Тикальские цари, равно как и правители Йашчилана, использовали иероглиф, который Томпсон на не вполне надежных основаниях читал как hel (хел) «смена», но ныне читающийся tz’ak (ц’ак) «приводить в порядок»; он указывает, какое порядковое место занимает правитель в династической последовательности [29]. Значение этих иероглифов твердо установлено, что делает изучение династических списков гораздо более простой задачей, чем раньше.
Слухи о том, что происходит в Паленке, распростанялись все шире, и ежегодные круглые столы стали разрастаться как снежный ком. В 1973 году нас собралось только 35, но всего пять лет спустя в Паленке приехали уже 142 участника из семи стран, и число их продолжало расти. Еще более широкую аудиторию привлекли замечательные семинары по иероглифике майя, которые стали проводиться в университете Техаса в Остине с 1978 года и продолжаются до сих пор [30]. Пока была жива Линда, это были по сути моноспектакли харизматичной женщины. Линда была прирожденной шоувумен, просто и внятно доносившей до восторженной аудитории самый сложный материал – от кнорозовского фонетизма до терминов родства. Последней данью ее памяти стало проведение подобных семинаров по всем Соединенным Штатам.

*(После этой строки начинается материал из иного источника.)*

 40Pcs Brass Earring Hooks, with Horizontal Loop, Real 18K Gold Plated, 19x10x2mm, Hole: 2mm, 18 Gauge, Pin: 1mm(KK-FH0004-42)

Рис. 48. Иероглиф «hel», или «смена в должности»:
а) 8-й наследник; б) 10-й наследник. Основной элемент теперь читается как tz’ak «приводить в порядок».
Естественно, находились и те (и по-прежнему есть), кому все это не нравилось, – прежде всего это были ревностные, не вылезающие из раскопа археологи, которые почувствовали, что их путь исследований, ориентированный на изучение домохозяйств и кухонной посуды древнемайяского крестьянства, оказался в тени из-за чрезмерного внимания, уделяемого знати классического периода. За редкими исключениями они отсутствовали на Паленкских круглых столах и семинарах по иероглифике и продолжали читать лекции и публиковать статьи без всяких упоминаний, что майя были грамотными людьми. Их раздражение выплеснулось на поверхность лет через десять в Дамбартон-Оакс.
Тем не менее никто уже не мог отрицать, что Сильванус Морли был абсолютно неправ, когда написал в 1940 году: «Несомненно, древние майя записывали свою историю, но не в монументальных надписях» [31], а «люди Пакаля», эта маленькая, целеустремленная группа «паленкофилов», существенно приблизила нас к пониманию истории древних майя и их духовной жизни.
Это было 4 августа 1968 года, в праздник святого Доминика, покровителя пуэбло[154] Санто-Доминго, к юго-западу от Санта-Фе. На одной стороне раскаленной пыльной площади доминиканский священник хмуро наблюдал, как несколько сотен танцоров, выстроившись в два длинных ряда и отбивая ритм мокасинами, затянули коллективную молитву о дожде, сопровождаемую мощным многоголосым хором и грохотом барабанов. На другой стороне я и моя семья с большим интересом обозревали эту грандиозную и, пожалуй, наиболее впечатляющую публичную церемонию коренных американцев. И по мере того, как длилась молитва, крошечное облако над горами Джемес Маунтинс к северо-западу становилось все больше и больше, заполняя небо, и разразилась такая гроза, что все небо было испещрено зигзагами молний, гром грохотал непрерывно, и каждому громовому раскату молельщики пуэбло отвечали своим громовым пением.
В тот памятный день мы встретили Альфреда Буша и Дугласа Юинга, моих старых друзей с Востока. Оба они были сотрудниками нью-йоркского клуба Гролье, уважаемой организации, занимавшейся коллекционированием редких старых книг и рукописей. Мы тут же обсудили, будет ли мне интересно организовать в клубе Гролье выставку иероглифического письма майя с использованием оригинальных документов.